Question

Assertion (A): If $A+B+C={180}^{\circ }$, then ${\cos }^{2}A+{\cos }^{2}B+{\cos }^{2}C=1-2cosA\cos B\cos C$.
Reason (R): If $A+B+C={180}^{\circ }$, then $\cos 2A+\cos 2B+\cos 2C=-1-4\cos A\cos B\cos C$.

• A. A is true, R is true and R is correct explanation of A.
• B. A is true, R is true and R is not a correct explanation of A.
• C. A is true, R is false.
• D. A is false, R is true.

Answer 1

The correct option is A A is true, R is true and R is correct explanation of A.

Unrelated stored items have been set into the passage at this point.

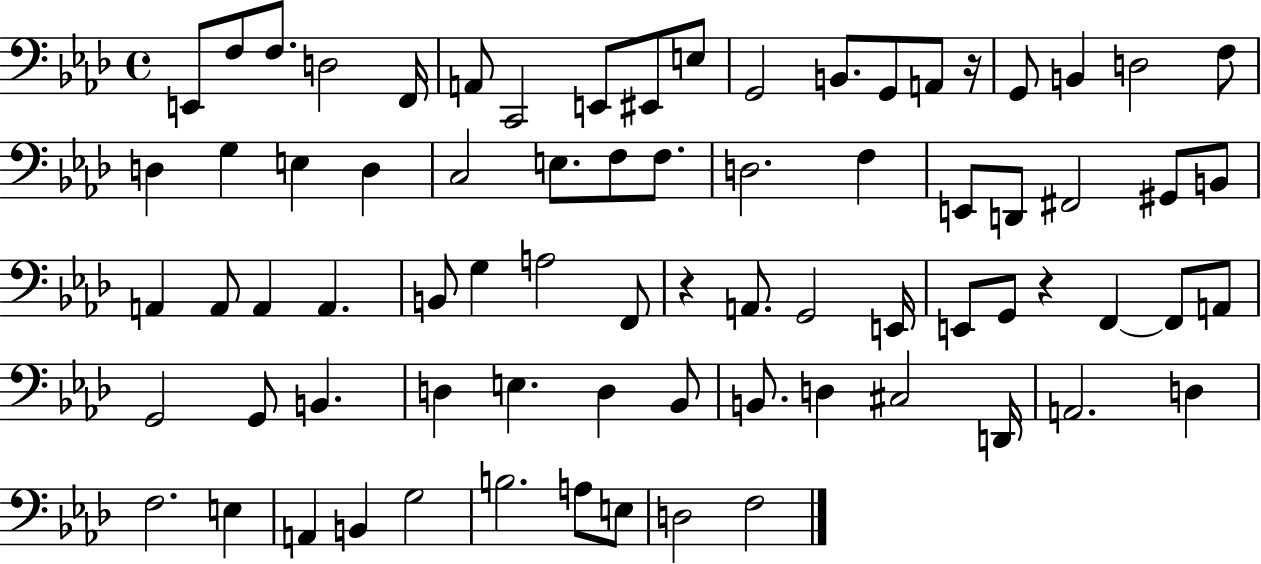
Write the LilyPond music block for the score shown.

{
  \clef bass
  \time 4/4
  \defaultTimeSignature
  \key aes \major
  \repeat volta 2 { e,8 f8 f8. d2 f,16 | a,8 c,2 e,8 eis,8 e8 | g,2 b,8. g,8 a,8 r16 | g,8 b,4 d2 f8 | \break d4 g4 e4 d4 | c2 e8. f8 f8. | d2. f4 | e,8 d,8 fis,2 gis,8 b,8 | \break a,4 a,8 a,4 a,4. | b,8 g4 a2 f,8 | r4 a,8. g,2 e,16 | e,8 g,8 r4 f,4~~ f,8 a,8 | \break g,2 g,8 b,4. | d4 e4. d4 bes,8 | b,8. d4 cis2 d,16 | a,2. d4 | \break f2. e4 | a,4 b,4 g2 | b2. a8 e8 | d2 f2 | \break } \bar "|."
}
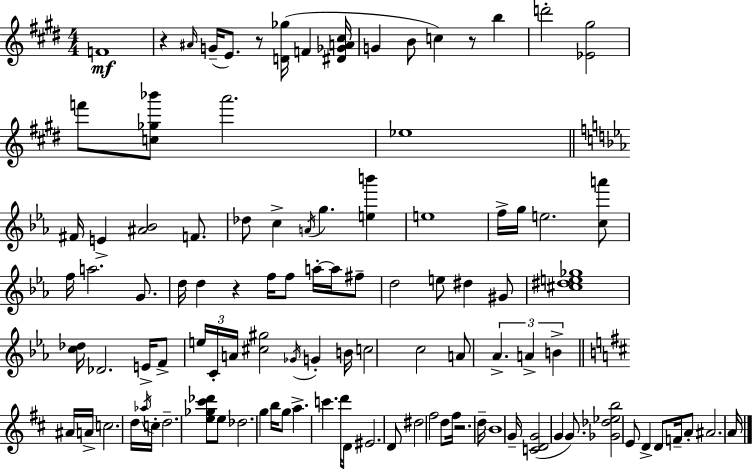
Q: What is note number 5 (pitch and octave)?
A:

Let $I=\cos 2A+\cos 2B+\cos 2C$

As $A+B+C={180}^{\circ }$

$\Rightarrow 2C={360}^{\circ }-2(A+B)$, then

$I=2\cos (A+B)\cos (A-B)+\cos ({360}^{\circ }-2(A+B\left)\right)$

$=2\cos (A+B)\cos (A-B)+\cos \left(2\right(A+B\left)\right)$

$=2\cos (A+B)\cos (A-B)+2{\cos }^2(A+B)-1$

$=2\cos (A+B)\left(\cos \right(A-B)+\cos (A+B\left)\right)-1$

Again using $A+B+C={180}^{\circ }\Rightarrow A+B={180}^{\circ }-C$ and the formula of $\cos c+\cos d=2\cos \frac{c+d}{2}\cdot \cos \frac{c-d}{2}$

We get

$I=2\cos ({180}^{\circ }-C)\left(2\cos A\cos B\right)-1.......\left(1\right)$

$=-4\cos A\cos B\cos C-1$

Hence, reason is correct.

Assertion:

As $\cos 2x=2{\cos }^{2}x-1\Rightarrow {\cos }^{2}x=\frac{\cos 2x+1}{2}$

We get

$J={\cos }^{2}A+{\cos }^{2}B+{\cos }^{2}C$

$=\frac{1}{2}(\cos 2A+1+\cos 2B+1+\cos 2C+1)$

$=\frac{1}{2}(\cos 2A+\cos 2B+\cos 2C+3)$

$J=\frac{1}{2}(-4\cos A\cos B\cos C-1+3)$ (using $\left(1\right)$)

$J=1-2\cos A\cos B\cos C$

Hence, assertion is also correct and reason is the correct explanation for assertion.